Windows’ Gaping, Seven Month Hole

Quite a big hooha over this latest Microsoft vulnerability, and I readily ‘fess up to the fact that I didn’t really take this seriously. Seems like I wasn’t the only one.

But folk like Shawna McAlearney of SearchSecurity.com points out that the delay of 200 days between Microsoft being notified and their coming out with a patch is appallingly long. “If Microsoft really considered this a serious or critical vulnerability for nearly all Windows users, it should have been a ‘drop-everything-and-fix’ thing resolved in a short period of time,” Shawna quotes Richard Forno, a security consultant, as saying. “Nearly 200 days to research and resolve a ‘critical’ vulnerability on such a far-reaching problem is nothing short of gross negligence by Microsoft, and is a direct affront to its much-hyped Trustworthy Computing projects and public statements about how security is playing much more important role in its products.” Strong stuff.

So what is all the fuss about?
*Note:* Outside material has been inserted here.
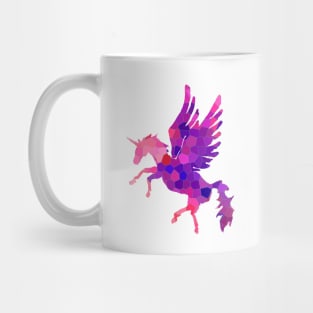 Pink Mosaic Pattern Unicorn Pegasus Mug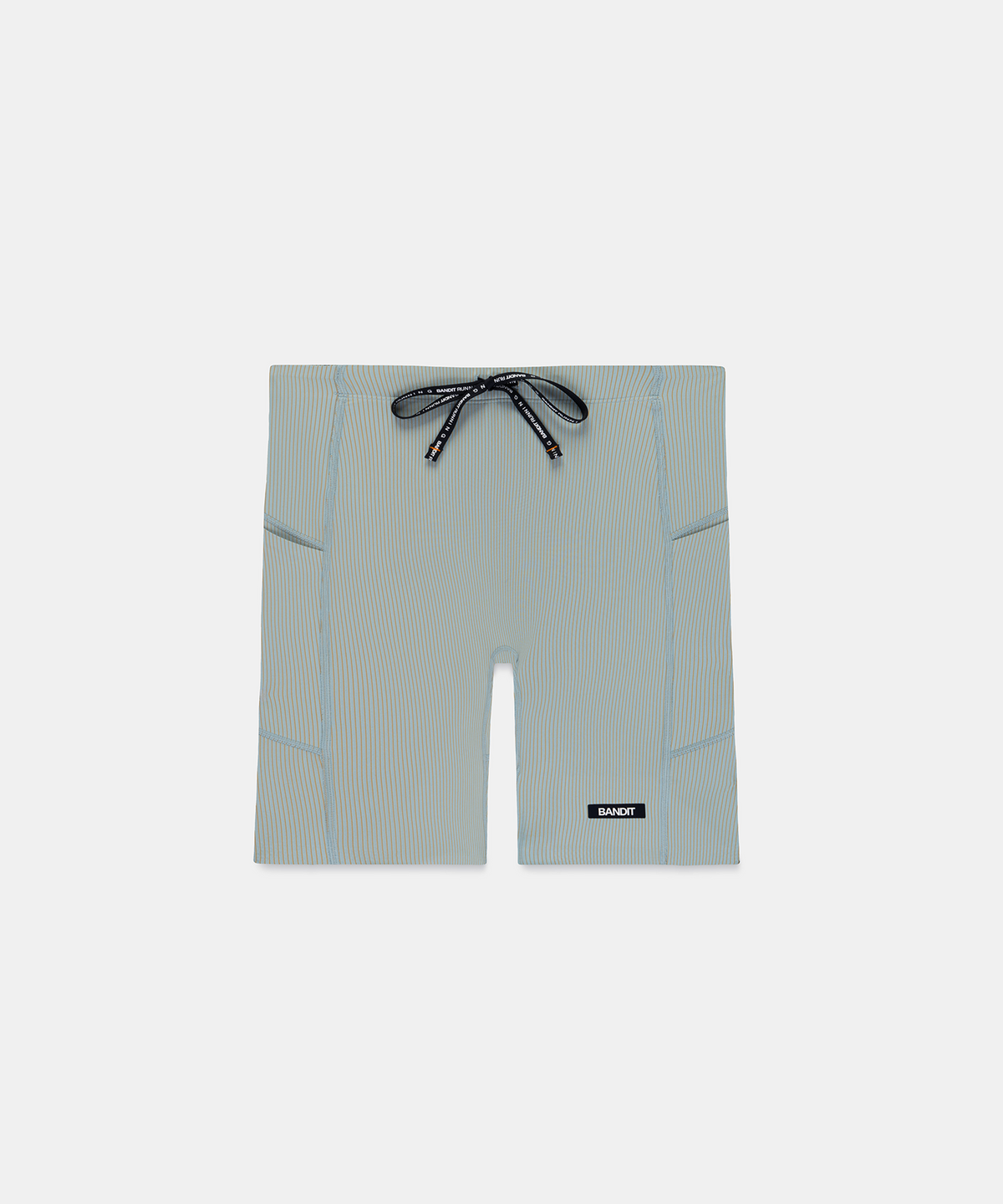 Men's Striped Cadence™ Half Tights - Lagoon / Copal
The vulnerability in question can, in theory, permit an unauthenticated, remote attacker to execute arbitrary code with system privileges: That means a ne’er do well could do anything they want in your computer. And while it hasn’t happened yet, to our knowledge, it’s only a question of time, according to Scott Blake, vice president of information security at Houston-based BindView Corp.: “We believe attacks will be conducted remotely over the Internet, via e-mail and by browsing Web pages. We expect to see rapid exploitation — it’s simply a case of when it materializes.”

Paul Thurrot, of WinNetMag, weighs in with his view, pointing out that the flaw is a very simple one: “attackers can compromise the flaw with a simple buffer-overrun attack, a common type of attack that Microsoft has wrestled with since its Trustworthy Computing code review 2 years ago.”